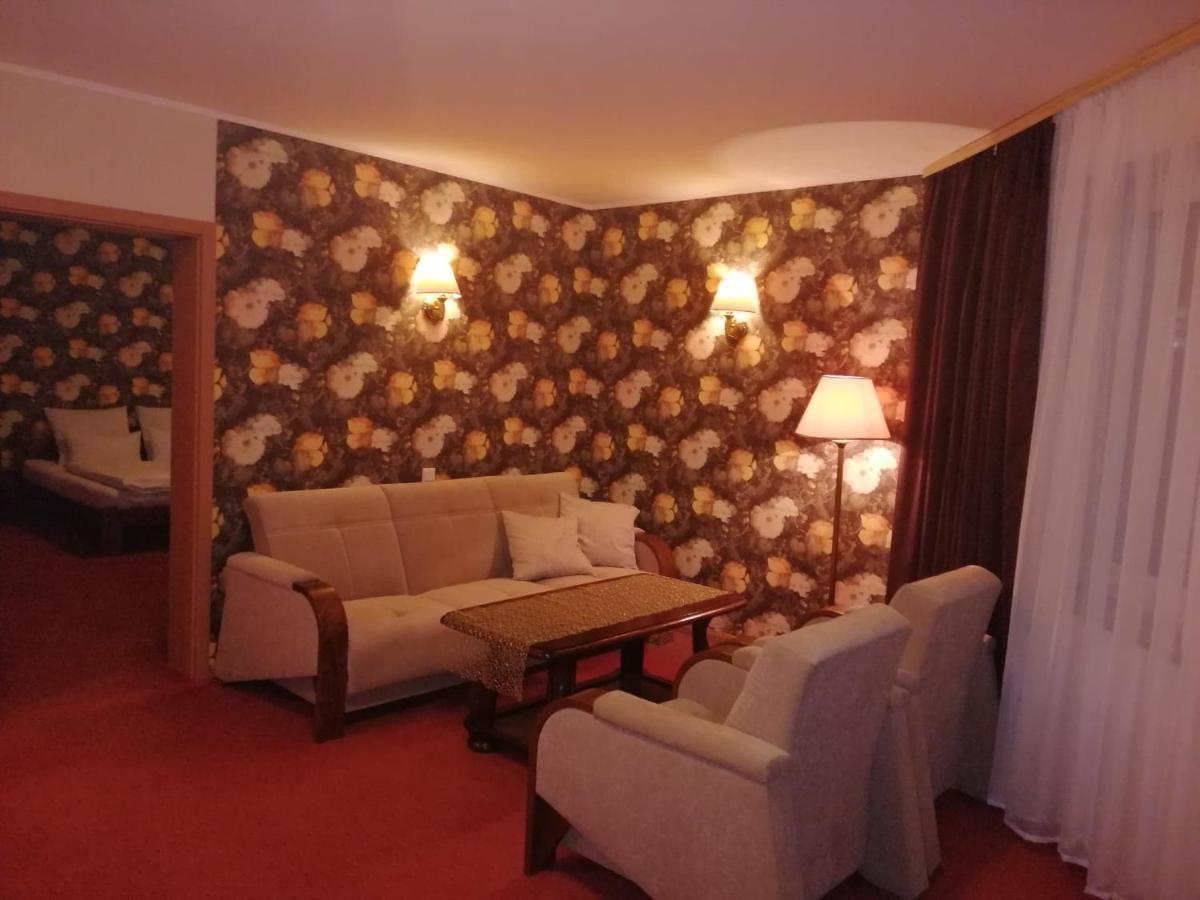 Hotel Metro Kłodzko Eksteriør billede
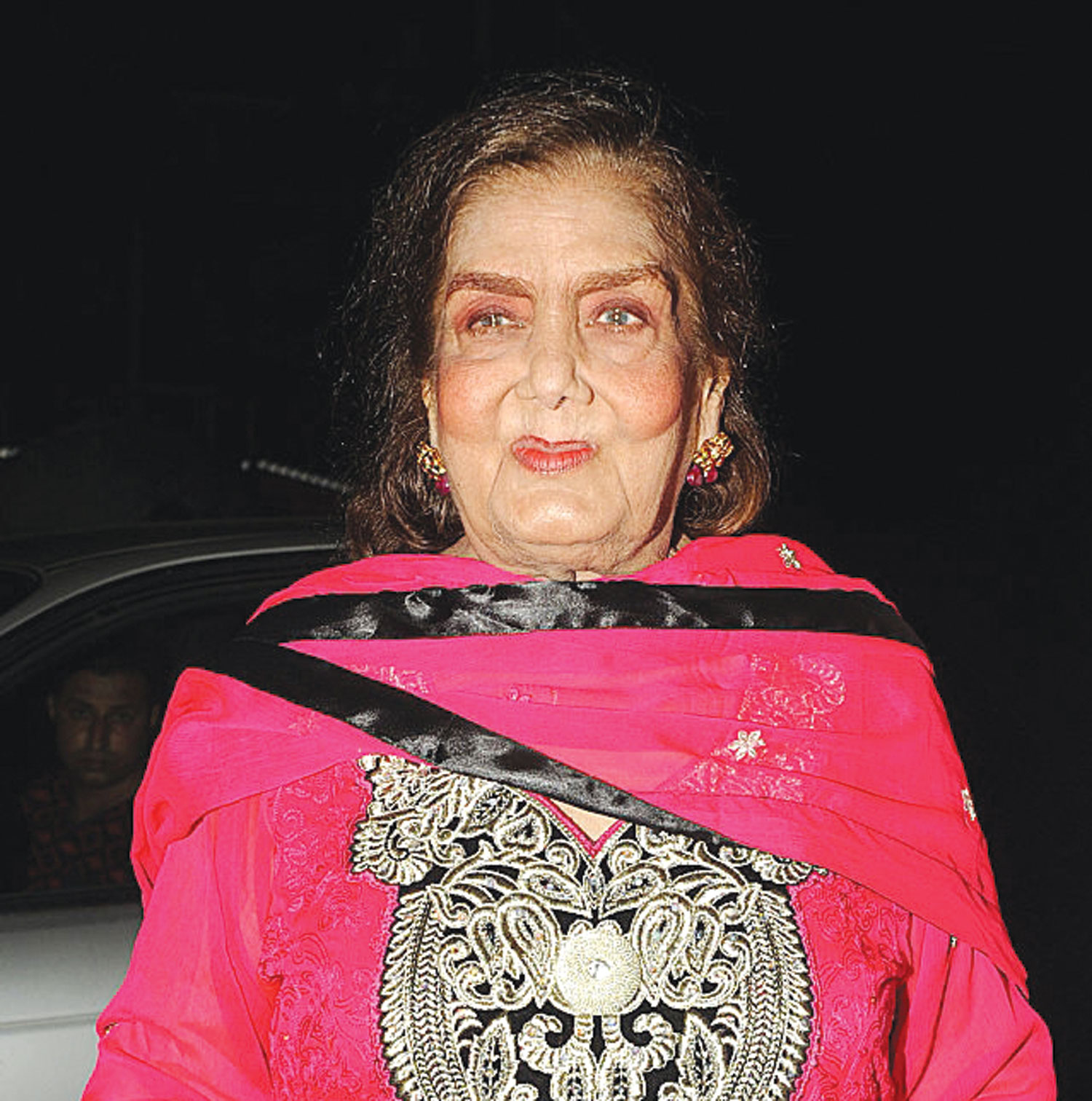 চলে গেলেন বর্ষীয়ান অভিনেত্রী নিম্মি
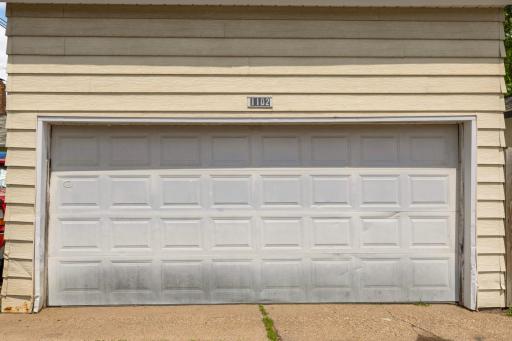 1102 Pacific Street, Saint Paul, MN 55106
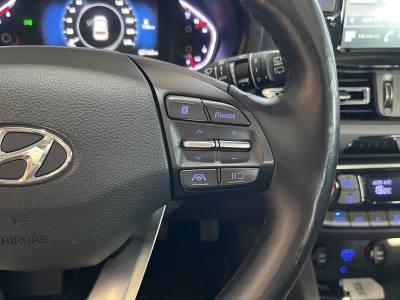 Hyundai i30 Trend SHZ R.Cam PDC Tempomat Spurassist. 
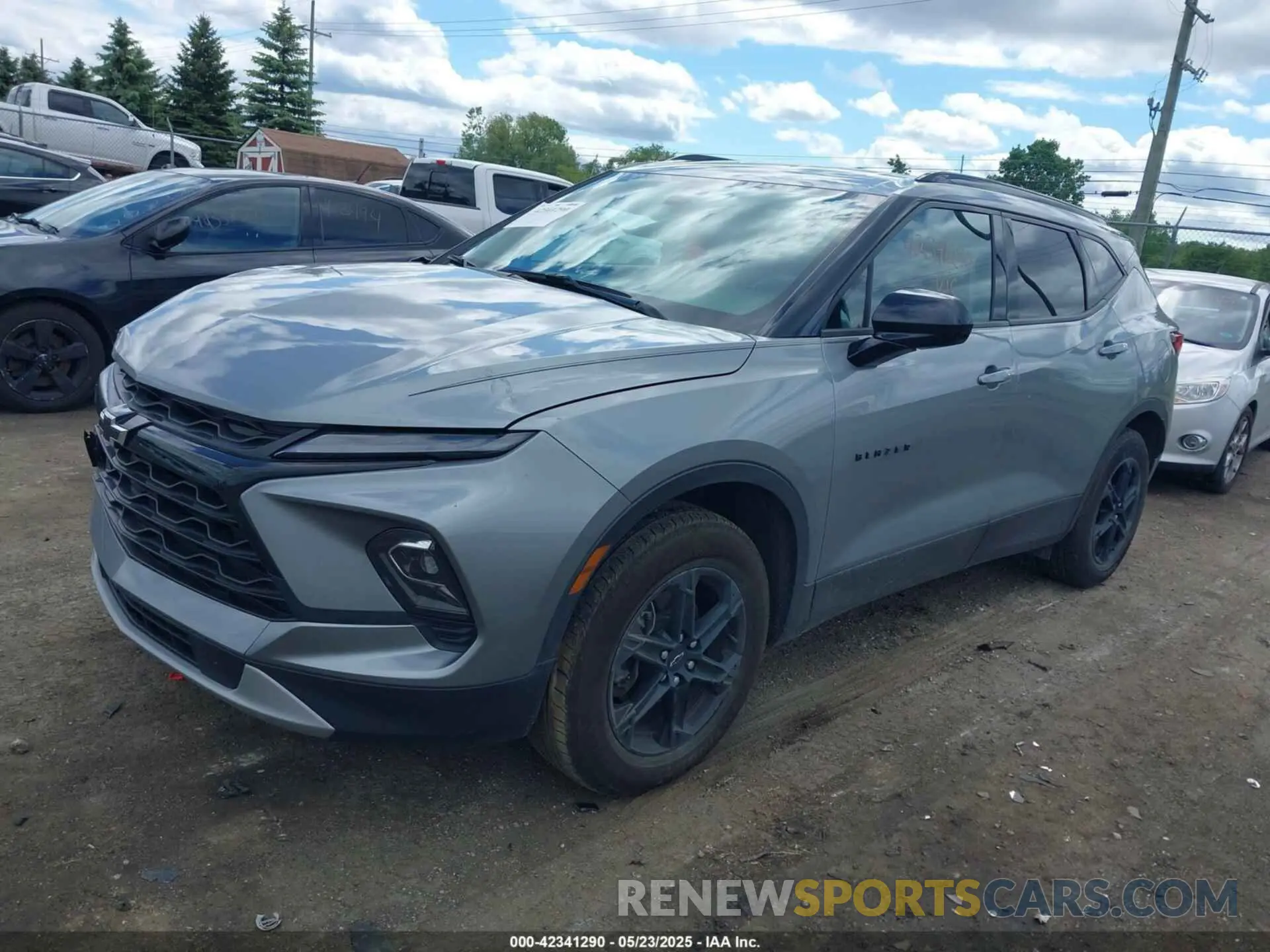 2 Photograph of a damaged car 3GNKBCR48RS203810 CHEVROLET BLAZER 2024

:::::

Copy the records exactly as they appear, excluding images.

 Hotel Metro Kłodzko Eksteriør billede
 চলে গেলেন বর্ষীয়ান অভিনেত্রী নিম্মি
 1102 Pacific Street, Saint Paul, MN 55106
 Hyundai i30 Trend SHZ R.Cam PDC Tempomat Spurassist. 
 2 Photograph of a damaged car 3GNKBCR48RS203810 CHEVROLET BLAZER 2024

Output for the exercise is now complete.